Raw data comes in from two directions: batch jobs pulling from your data warehouse, and event streams firing in real time from Kafka or similar. Feature pipelines pick up that raw data and transform it into named, versioned features. Think of a feature pipeline like a recipe: "take all transactions for this user in the last 10 minutes and sum the dollar amounts." The output gets a name, a version, and a schema. Then it gets written to two places simultaneously.
That dual-write is the heart of the architecture. The offline store (S3, BigQuery, Hive) gets the full historical record, going back months or years. The online store (Redis, DynamoDB, Cassandra) gets only the latest values, optimized for retrieval in single-digit milliseconds. Same feature definition, two storage backends, two very different access patterns.
Here's what that flow looks like:

Sitting above all of this is the registry, the metadata layer that most candidates forget to mention. It stores the feature's definition, its owner, its data type, its freshness SLA, and its lineage back to the source data. When a new team wants to use a feature, they look it up in the registry instead of rebuilding the pipeline from scratch.
Without the registry, you have a cache. With it, you have a feature store.

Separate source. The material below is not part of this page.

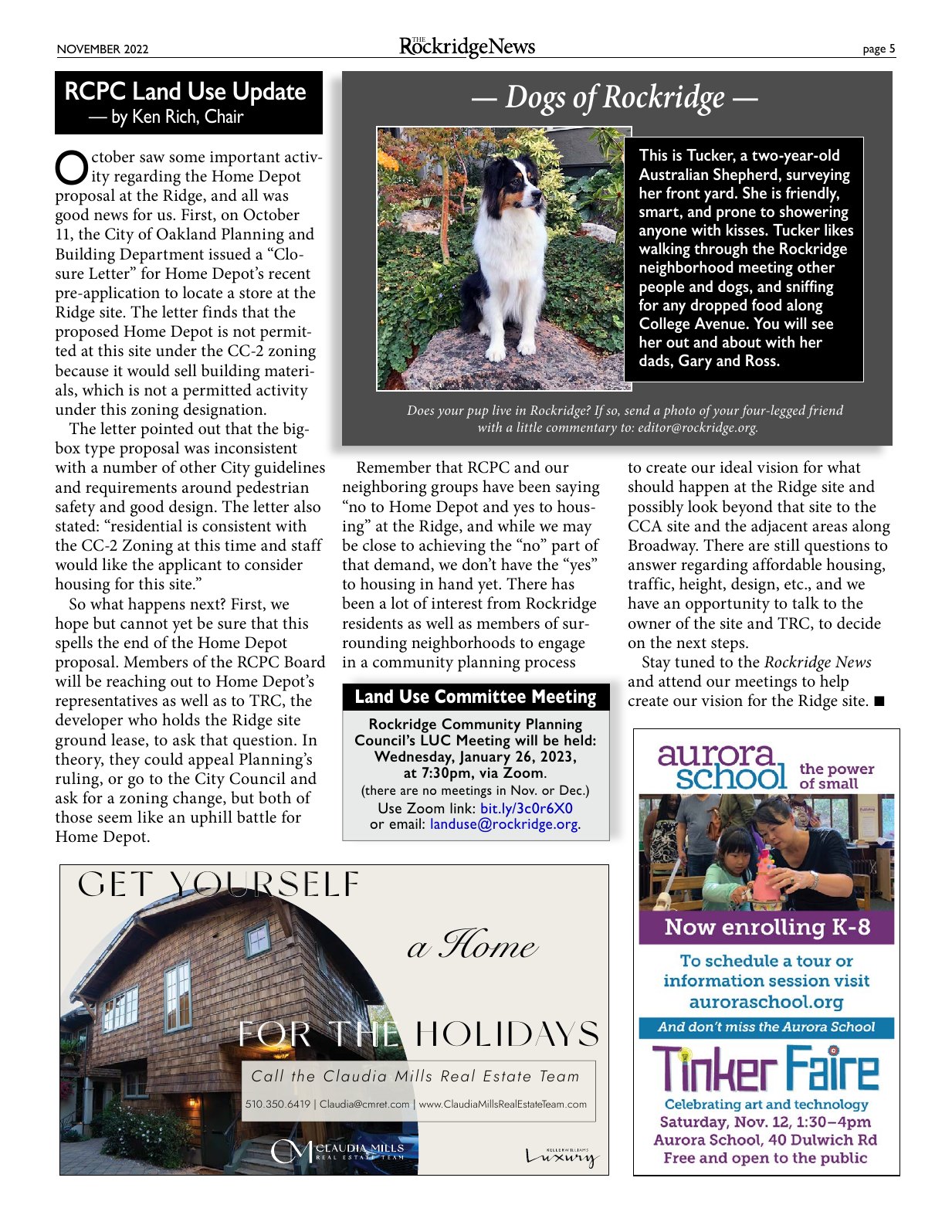 Click to zoom in The Rockridge News, November 2022, page 5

This is the concept that separates candidates who've thought carefully about ML infrastructure from those who haven't. When you generate a training dataset, you're joining features to labeled events. The trap is using the feature value that exists right now rather than the value that existed at the moment the label was created.

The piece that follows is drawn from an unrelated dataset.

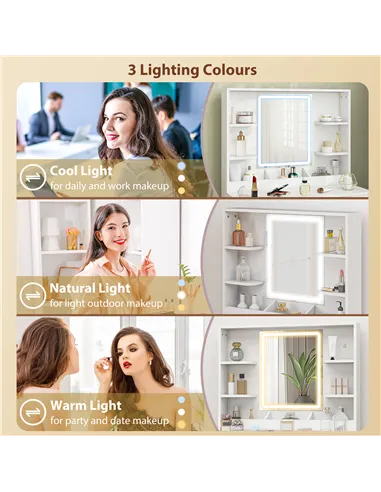 HOMCOM Elegant Dressing Table, with LED Mirror - White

Say a user made a purchase on March 3rd, and you're training a fraud model. The label is "fraud" or "not fraud." The feature "number of transactions in the last 30 days" should reflect what that count was on March 3rd, not what it is today. If you join on today's value, you've leaked future information into training. Your model looks great offline and falls apart in production.

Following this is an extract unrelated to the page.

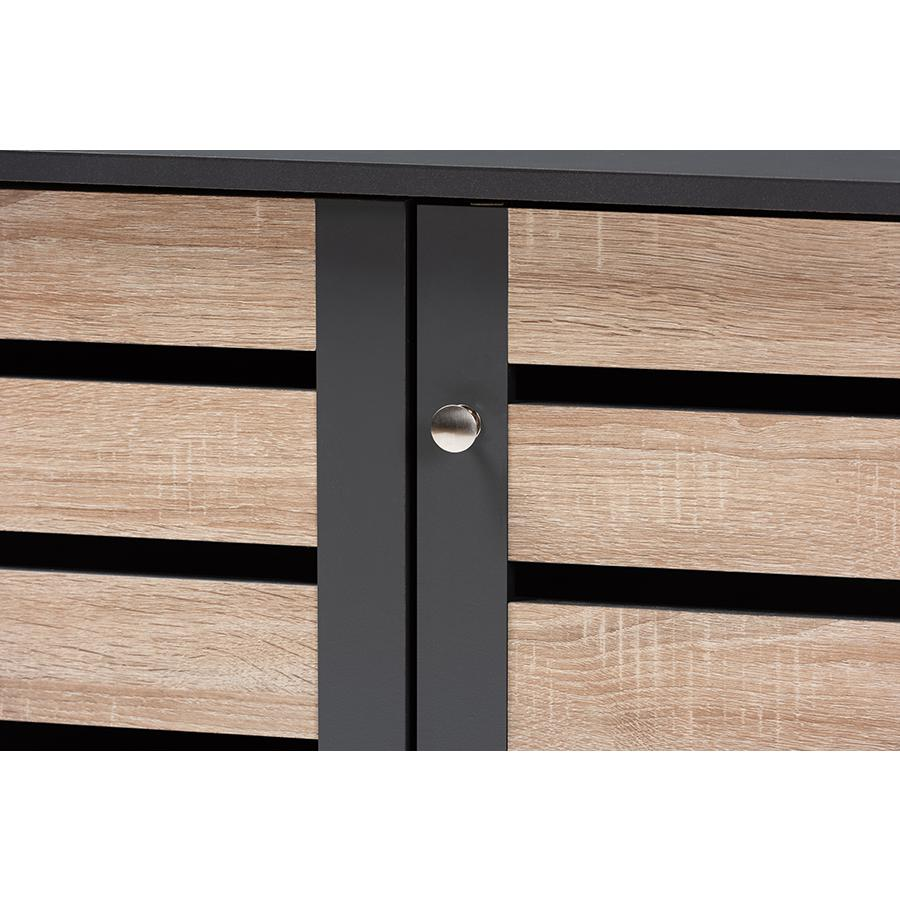 Two-Tone Oak & Dark Gray 3-Door Shoe Cabinet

The offline store is built to answer exactly this kind of query. It stores timestamped snapshots of every feature value, so the training pipeline can reconstruct what the world looked like at any historical moment.
When you define a new feature, or modify an existing one, the online store is easy: you start writing new values and the cache catches up within minutes. The offline store is harder. You need historical values going back potentially years, computed with point-in-time correctness, before that feature is useful for training.
That's what backfilling is. You run the feature pipeline retroactively over historical raw data, generating timestamped feature values as if the pipeline had been running all along. It's expensive and slow, but it's the only way to train on a new feature without waiting months for data to accumulate. Feast and Tecton both have backfill primitives built in. If you're rolling your own, this is one of the first places teams underestimate the work.
When a request hits your model server, it needs a feature vector before it can score anything. The model server calls the feature store's online API with an entity key, typically a user_id, item_id, or some combination. The online store returns the precomputed feature vector in under 10ms. The model scores it. The response goes back to the user.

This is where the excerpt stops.